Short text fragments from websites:
»»

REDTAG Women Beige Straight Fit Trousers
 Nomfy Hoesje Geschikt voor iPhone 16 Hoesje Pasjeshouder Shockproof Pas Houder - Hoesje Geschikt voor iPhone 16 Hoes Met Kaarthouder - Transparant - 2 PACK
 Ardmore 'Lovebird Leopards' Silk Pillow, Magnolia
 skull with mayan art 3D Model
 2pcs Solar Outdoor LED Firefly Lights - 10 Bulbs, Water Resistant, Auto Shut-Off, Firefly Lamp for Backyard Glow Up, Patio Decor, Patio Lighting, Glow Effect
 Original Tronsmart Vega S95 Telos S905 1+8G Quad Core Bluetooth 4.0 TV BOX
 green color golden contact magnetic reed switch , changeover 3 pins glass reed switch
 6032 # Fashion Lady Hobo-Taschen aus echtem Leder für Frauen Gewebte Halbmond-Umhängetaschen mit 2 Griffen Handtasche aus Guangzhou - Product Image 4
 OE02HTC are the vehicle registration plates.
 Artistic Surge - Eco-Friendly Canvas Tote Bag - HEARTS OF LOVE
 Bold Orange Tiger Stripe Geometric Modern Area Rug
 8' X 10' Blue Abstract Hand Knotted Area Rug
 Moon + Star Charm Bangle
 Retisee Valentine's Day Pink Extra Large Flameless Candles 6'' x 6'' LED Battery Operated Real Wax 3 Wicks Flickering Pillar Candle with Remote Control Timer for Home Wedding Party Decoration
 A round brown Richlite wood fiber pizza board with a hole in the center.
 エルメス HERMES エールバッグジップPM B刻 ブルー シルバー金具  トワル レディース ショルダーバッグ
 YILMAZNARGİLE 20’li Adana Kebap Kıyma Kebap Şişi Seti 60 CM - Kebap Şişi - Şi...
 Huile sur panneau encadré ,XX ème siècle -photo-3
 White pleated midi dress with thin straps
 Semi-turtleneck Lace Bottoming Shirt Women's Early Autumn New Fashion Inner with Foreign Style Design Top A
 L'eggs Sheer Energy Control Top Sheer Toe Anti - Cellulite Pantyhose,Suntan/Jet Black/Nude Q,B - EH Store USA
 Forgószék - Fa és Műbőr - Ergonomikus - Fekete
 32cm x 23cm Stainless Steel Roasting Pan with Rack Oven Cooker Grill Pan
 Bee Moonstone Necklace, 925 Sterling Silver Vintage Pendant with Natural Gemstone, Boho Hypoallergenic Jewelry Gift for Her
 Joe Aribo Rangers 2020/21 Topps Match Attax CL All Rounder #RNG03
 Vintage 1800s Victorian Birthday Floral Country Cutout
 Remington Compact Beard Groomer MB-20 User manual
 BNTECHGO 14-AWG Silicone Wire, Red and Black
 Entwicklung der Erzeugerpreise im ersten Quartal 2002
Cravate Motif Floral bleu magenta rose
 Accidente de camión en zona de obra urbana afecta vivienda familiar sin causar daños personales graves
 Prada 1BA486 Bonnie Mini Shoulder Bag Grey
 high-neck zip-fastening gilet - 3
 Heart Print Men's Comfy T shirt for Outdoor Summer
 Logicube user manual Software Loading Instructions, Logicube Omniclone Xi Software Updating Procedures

««

**Work required**
An exact copy of every record is needed, so retype them all.

**Task output**
REDTAG Women Beige Straight Fit Trousers
 Nomfy Hoesje Geschikt voor iPhone 16 Hoesje Pasjeshouder Shockproof Pas Houder - Hoesje Geschikt voor iPhone 16 Hoes Met Kaarthouder - Transparant - 2 PACK
 Ardmore 'Lovebird Leopards' Silk Pillow, Magnolia
 skull with mayan art 3D Model
 2pcs Solar Outdoor LED Firefly Lights - 10 Bulbs, Water Resistant, Auto Shut-Off, Firefly Lamp for Backyard Glow Up, Patio Decor, Patio Lighting, Glow Effect
 Original Tronsmart Vega S95 Telos S905 1+8G Quad Core Bluetooth 4.0 TV BOX
 green color golden contact magnetic reed switch , changeover 3 pins glass reed switch
 6032 # Fashion Lady Hobo-Taschen aus echtem Leder für Frauen Gewebte Halbmond-Umhängetaschen mit 2 Griffen Handtasche aus Guangzhou - Product Image 4
 OE02HTC are the vehicle registration plates.
 Artistic Surge - Eco-Friendly Canvas Tote Bag - HEARTS OF LOVE
 Bold Orange Tiger Stripe Geometric Modern Area Rug
 8' X 10' Blue Abstract Hand Knotted Area Rug
 Moon + Star Charm Bangle
 Retisee Valentine's Day Pink Extra Large Flameless Candles 6'' x 6'' LED Battery Operated Real Wax 3 Wicks Flickering Pillar Candle with Remote Control Timer for Home Wedding Party Decoration
 A round brown Richlite wood fiber pizza board with a hole in the center.
 エルメス HERMES エールバッグジップPM B刻 ブルー シルバー金具  トワル レディース ショルダーバッグ
 YILMAZNARGİLE 20’li Adana Kebap Kıyma Kebap Şişi Seti 60 CM - Kebap Şişi - Şi...
 Huile sur panneau encadré ,XX ème siècle -photo-3
 White pleated midi dress with thin straps
 Semi-turtleneck Lace Bottoming Shirt Women's Early Autumn New Fashion Inner with Foreign Style Design Top A
 L'eggs Sheer Energy Control Top Sheer Toe Anti - Cellulite Pantyhose,Suntan/Jet Black/Nude Q,B - EH Store USA
 Forgószék - Fa és Műbőr - Ergonomikus - Fekete
 32cm x 23cm Stainless Steel Roasting Pan with Rack Oven Cooker Grill Pan
 Bee Moonstone Necklace, 925 Sterling Silver Vintage Pendant with Natural Gemstone, Boho Hypoallergenic Jewelry Gift for Her
 Joe Aribo Rangers 2020/21 Topps Match Attax CL All Rounder #RNG03
 Vintage 1800s Victorian Birthday Floral Country Cutout
 Remington Compact Beard Groomer MB-20 User manual
 BNTECHGO 14-AWG Silicone Wire, Red and Black
 Entwicklung der Erzeugerpreise im ersten Quartal 2002
Cravate Motif Floral bleu magenta rose
 Accidente de camión en zona de obra urbana afecta vivienda familiar sin causar daños personales graves
 Prada 1BA486 Bonnie Mini Shoulder Bag Grey
 high-neck zip-fastening gilet - 3
 Heart Print Men's Comfy T shirt for Outdoor Summer
 Logicube user manual Software Loading Instructions, Logicube Omniclone Xi Software Updating Procedures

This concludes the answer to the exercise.